“I’m looking out the window now, and I’d guess that ninety-five per cent of the people coming in are making their first visit to a museum of contemporary art. I get the feeling that they’re very creative people, too…”
Virgil Abloh is watching visitors approach “Figures of Speech”, his newly-opened exhibition at Museum of Contemporary Art Chicago, while we talk. Abloh’s descriptions—a vivid intersection of fresh audiences, grand institutions, radical new potential—could be directly applied to his own work; for over a decade, this Illinois-born designer/entrepreneur/DJ has spanned a dizzying array of realms: architecture to streetwear, skate culture, music and high art/fashion.
In 2007, Kanye West hired the hotly-tipped Abloh to work with him, extending his vision beyond music; in a slightly surreal work experience break, the pair interned at Italian luxury fashion house Fendi together. Abloh also became creative director of Kanye’s own DONDA agency—directing artwork for blockbuster projects including 2011 collaboration with Jay-Z, Watch the Throne. Abloh has created highly coveted designs for his own companies Pyrex Vision, and latterly Off-White (the titular quote marks in “Figures Of Speech” are an Off-White motif). Since 2018, he has also been the artistic director for Louis Vuitton menswear. At last summer’s Paris Fashion Week, Yeezy clasped Abloh in a tearful hug by the runway; US hip hop stars including Playboi Carti were also among the models.

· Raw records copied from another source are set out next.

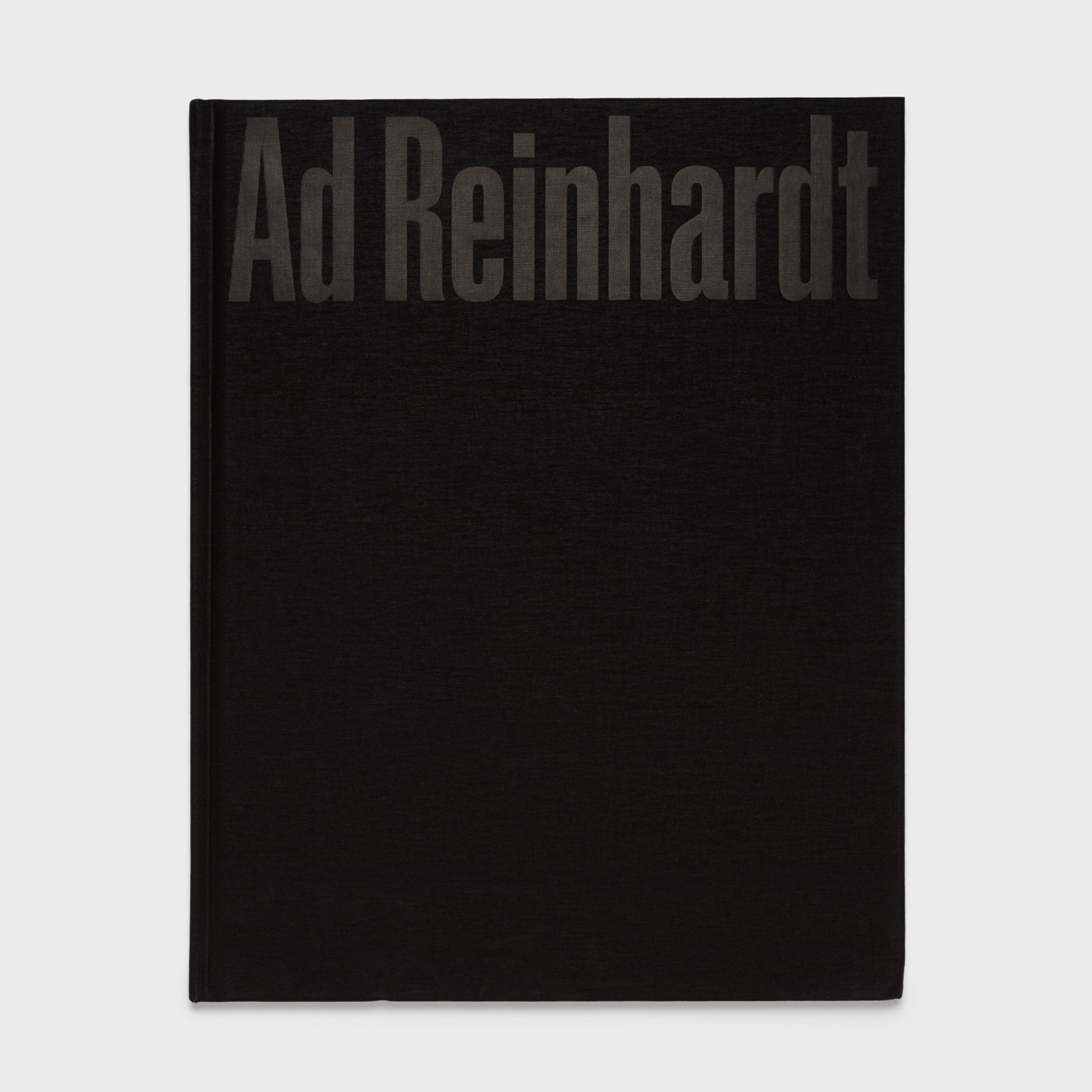 Ad Reinhardt: Color Out of Darkness, Curated by James Turrell book standing upright. Black cloth cover with black text.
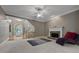 Open living room with fireplace and hardwood entry at 6217 Millstone Trl, Douglasville, GA 30135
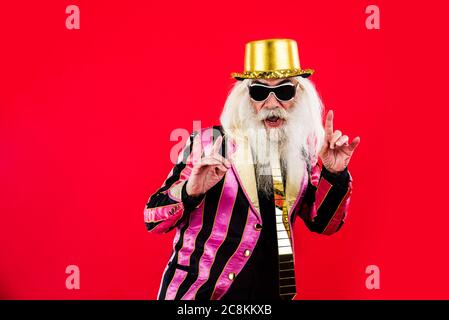Senior man with eccentric look  - 60 years old man having fun, portrait on colored background, concepts about youthful senior people and lifestyle Stock Photo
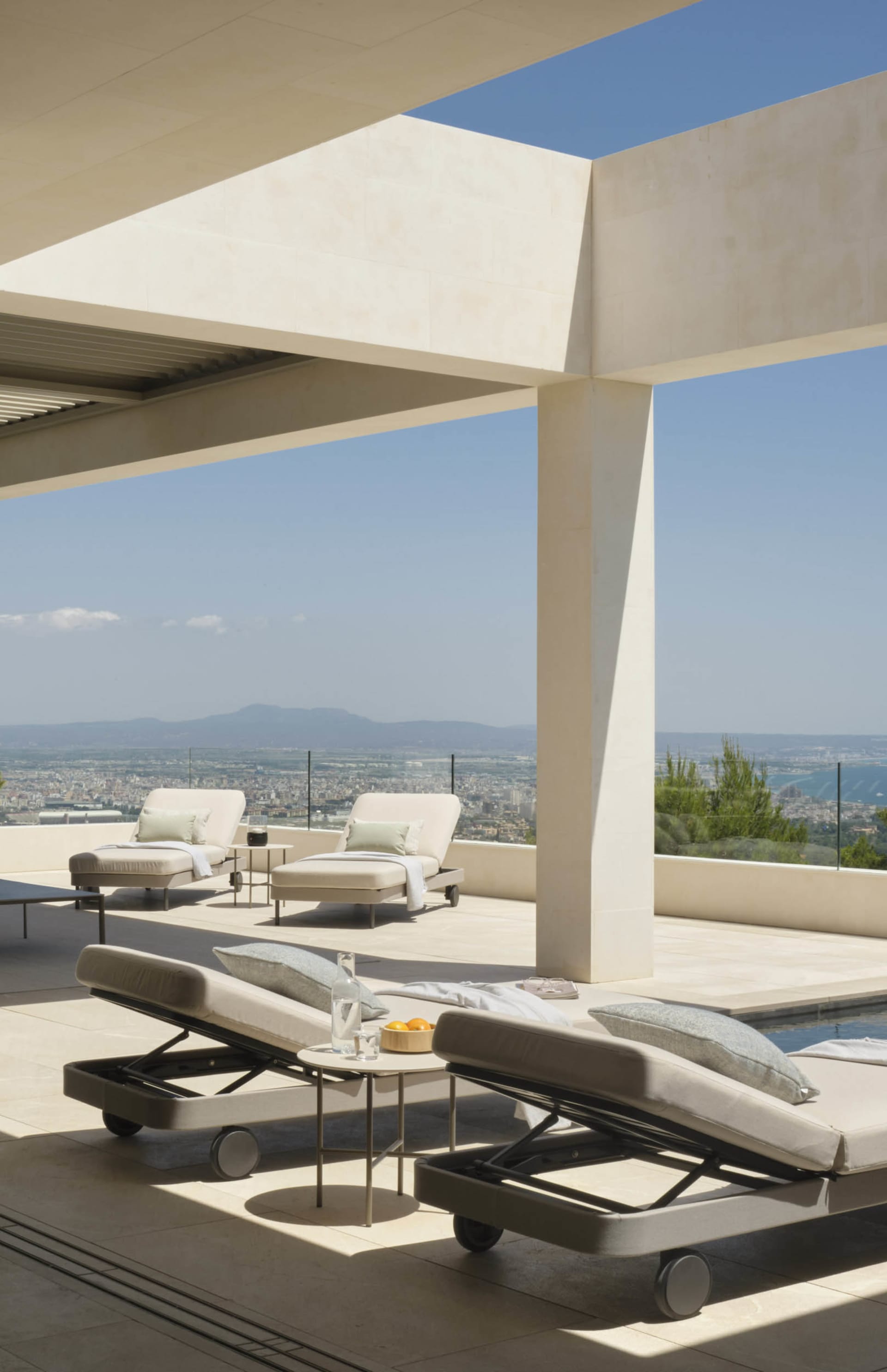 A modern, minimalist patio area featuring concrete surfaces and furniture.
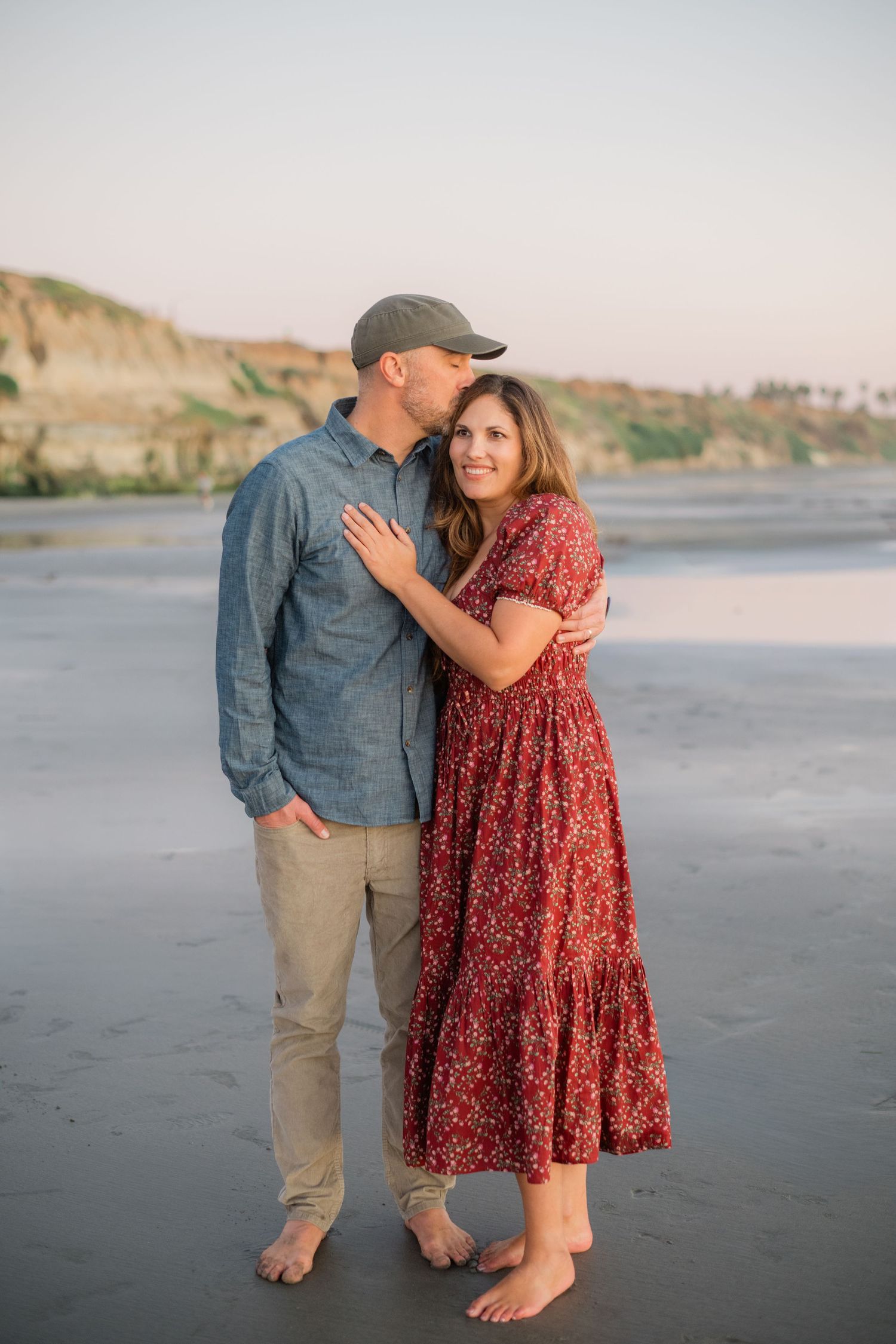 Couple embracing on a sandy beach at sunset, man in blue shirt and cap kissing woman in red floral dress.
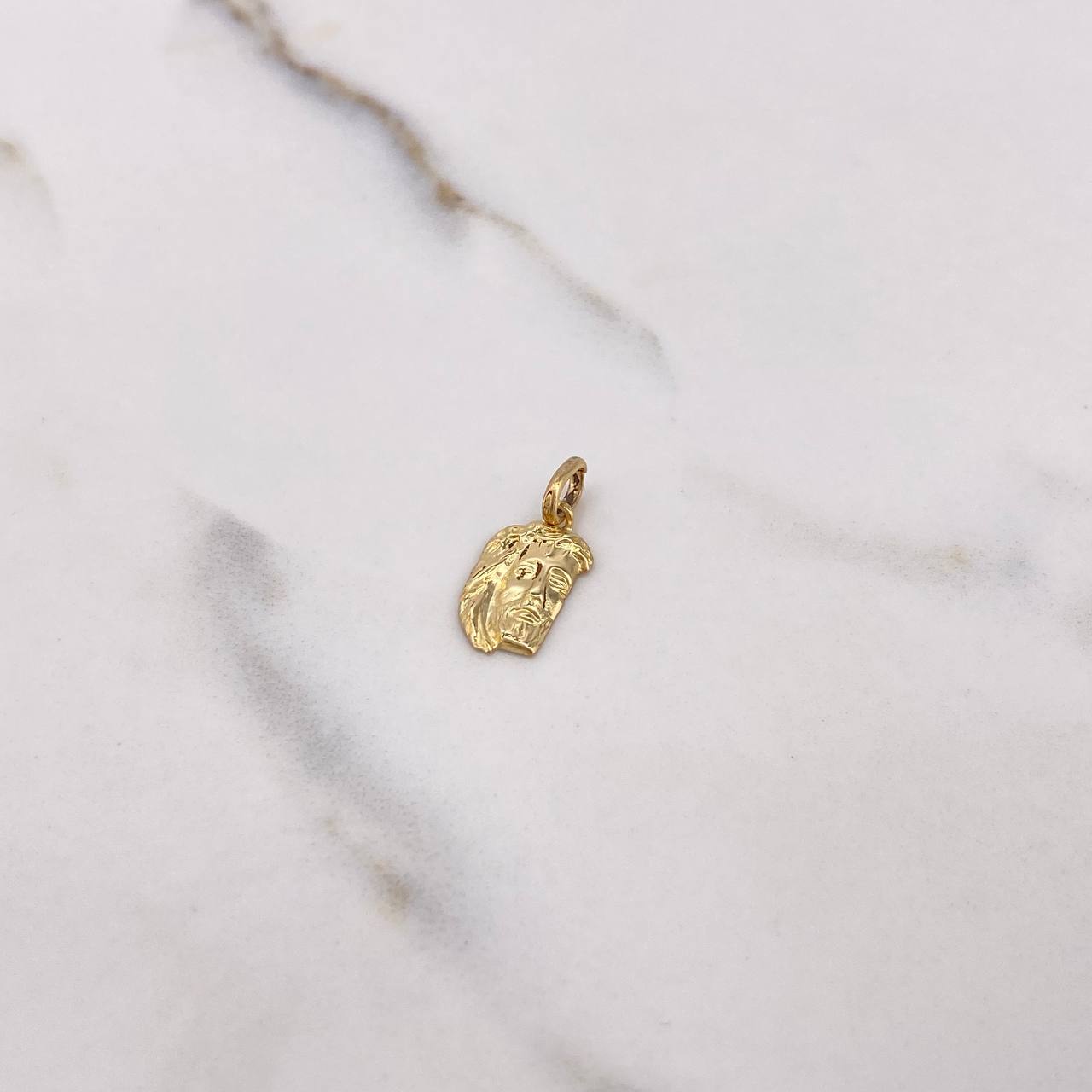 Dije Rostro de Cristo 0.65gr / 1.9cm / Oro Amarillo $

“The architecture background gave me the art history basis to create permanent work”
“Figures of Speech” is described as Abloh’s “mid-career retrospective”, and he also insists that it has been “easily the most difficult project I’ve created”. There’s a characteristic blend of scale of ambition, meticulous detail and self-assurance to its content and presentation. Various figures (including MCA curator Michael Darling) have likened Abloh to a new-gen Warhol. This exhibition does create its very own scene, within an immersive setting co-designed by Samir Bantal (director of AMO—the creative think-tank founded by architecture don Rem Koolhaas).
“The space is very dynamic; it has an architecture of its own,” says Abloh. “It’s designed as a multi-layered mixed-media experience, making one big circle, connecting where I started to where I am now. There’s a Pyrex Vision video piece, a hall of fashion, a hall of my work related to music, race, fine art and design. The exhibition is very rooted in my art practice, including our relation to brands and commercialism. What makes my practice unique is that it stretches across boundaries of race, youth culture, pre- and post-Internet.”
Abloh’s practice frequently nods to his personal youth culture, too—as a teen, experimenting with street art and travelling to NYC to visit skate fashion stores, and as an architecture student at Illinois Institute of Technology.
“The architecture background gave me the art history basis to create permanent work,” he says, adding of his college experience, and his gravitation towards design and fashion: “I had a lot of quiet time to develop… I didn’t fit the stereotype, so I had a lot of time to think.”
“I am a kid from the nineties; I grew up around lots of big cultural advertising moments: Pepsi, Coke, Michael Jordan”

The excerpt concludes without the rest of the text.